If there is not enough work for those who want to work full time we will need to rethink the current model. Provided that the company does not collapse first, of course.
“Redistribute working hours to allow everyone to benefit from work, even if for less time per week. Our work is an important step in defining the minimum amount of work that will be desirable to do."
Gender differences
The research has identified some not negligible aspects.
Better if it's paid – First of all, the notable psychological difference between the category of paid work and that of unpaid work (it may seem obvious, and it probably is.
Women need more work – The degree of satisfaction and self-esteem in men increases by 30% with 8 hours of paid work per week. Women need a quota of at least 20 hours to reach the same levels: greater resistance to work, greater need for recognition or both?
Work that changes, society that changes
The team explored different configurations of “work models” that could characterize our future. “5-day weekends” with only two days of work per week, normal working weeks but with 2 hours of work per day, were reviewed. One of the models analyzed provides for two months of holidays for every month of work.
Dr Burchell has no doubts about it, drawing a prediction from his study: “If the English growth model aims to increase productivity not by increasing wages but by reducing hours, in just 10 years we will arrive at a 4-day working week”.

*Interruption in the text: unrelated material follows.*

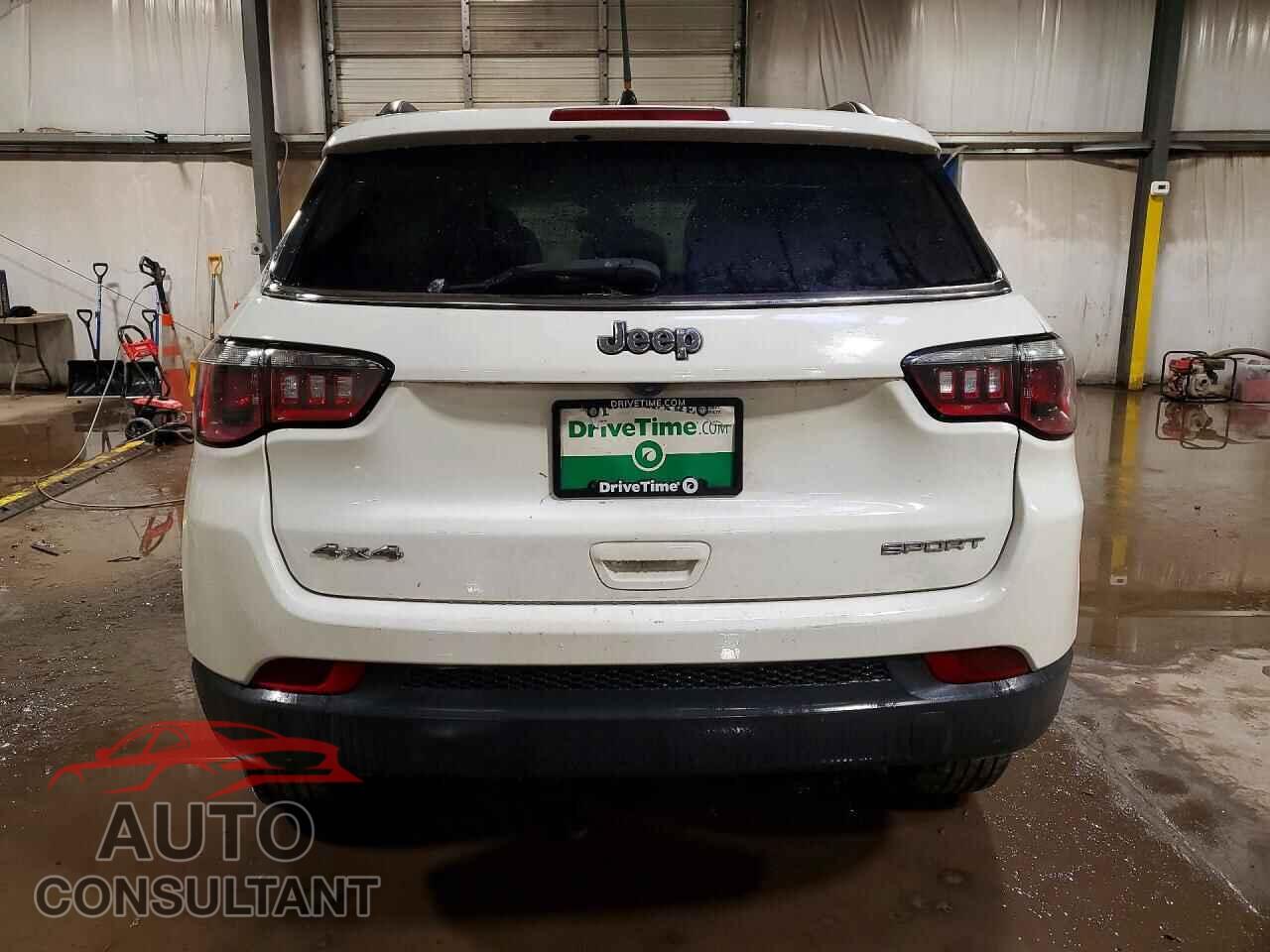 JEEP COMPASS 2020 - 3C4NJDAB8LT173282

Whatever the next model, reduction and redistribution of working hours could also bring enormous "indirect" benefits to society. The new, more lifestyle-oriented work-life balance would provide other creative and personal well-being insights. It would improve productivity and although smaller, those hours would be denser. CO2 emissions would also be reduced due to different transport flows. Above all, however, the team highlights the need to reduce future work for everyone. It would be an absolute measure to avoid socioeconomic inequalities.
“The traditional model based on at least 40 hours of work per week has never considered a simple question: what is the healthy amount of work we can do? What is the amount beyond which it stops doing good and starts hurting people? Work in small doses provides the same level of satisfaction, or greater, with zero risks to our physical and mental health,” adds the sociologist Senhu Wang from the University of Cambridge, another of the authors.
“However, the quality of future work will remain crucial. Degrading, precarious or irregular jobs with debased or despised workers only bring discomfort and will do so even more tomorrow."